What you will do
The whole listing should come back exactly as written, except for the pictures.

Provided material
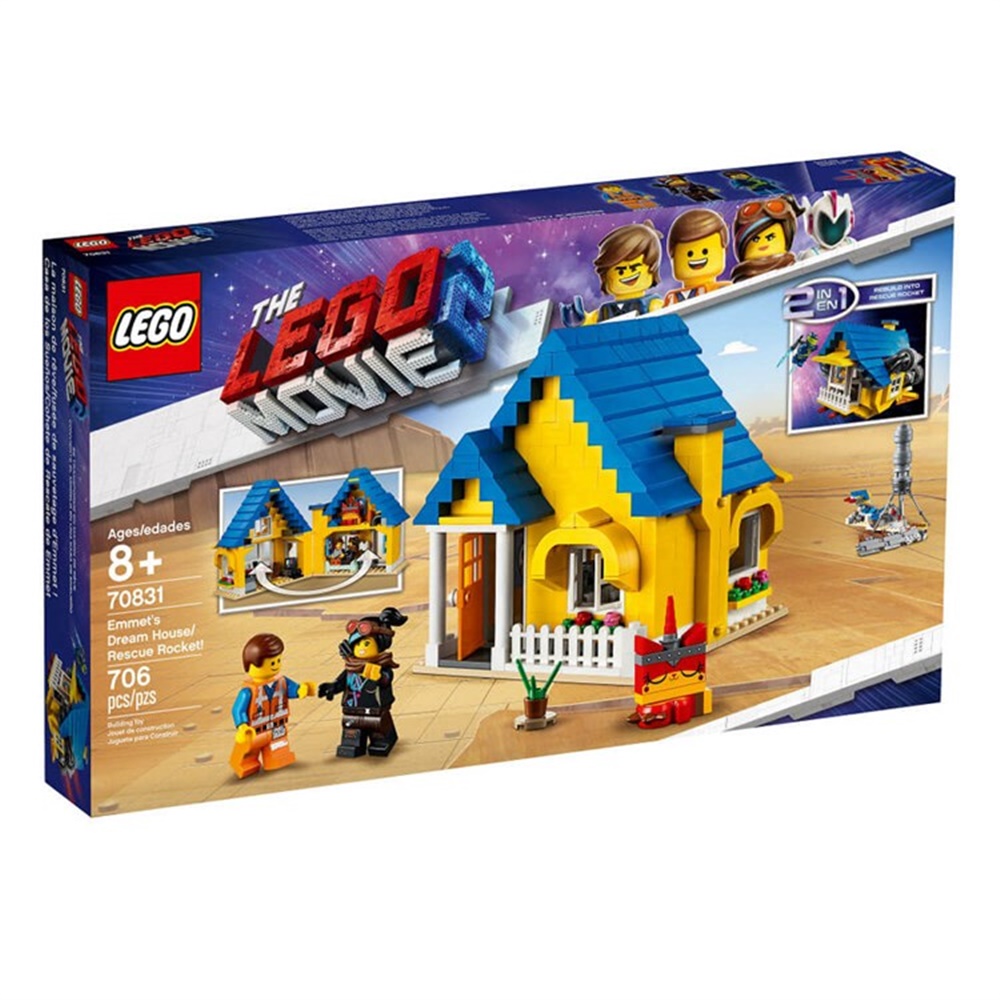 LEGO MOVIE 2 EMMETIN RUYA EVI/ KURTARMA ROKETI 70831 Toystop 70831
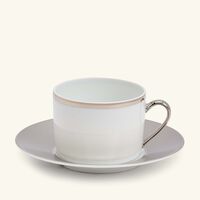 رالف لورين هوم فنجان الشاي بنتهاوس هيويت مع صحنه رمادي اللون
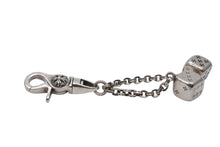 画像をギャラリービューアに読み込む, CHROME HEARTS クロムハーツ DICE DBL KEY CHAIN ダブルダイス キーチェーン 重量約81.6g 2013/.925刻印 シルバー925 美品 中古 4b009443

Answer below
 LEGO MOVIE 2 EMMETIN RUYA EVI/ KURTARMA ROKETI 70831 Toystop 70831
 رالف لورين هوم فنجان الشاي بنتهاوس هيويت مع صحنه رمادي اللون
 画像をギャラリービューアに読み込む, CHROME HEARTS クロムハーツ DICE DBL KEY CHAIN ダブルダイス キーチェーン 重量約81.6g 2013/.925刻印 シルバー925 美品 中古 4b009443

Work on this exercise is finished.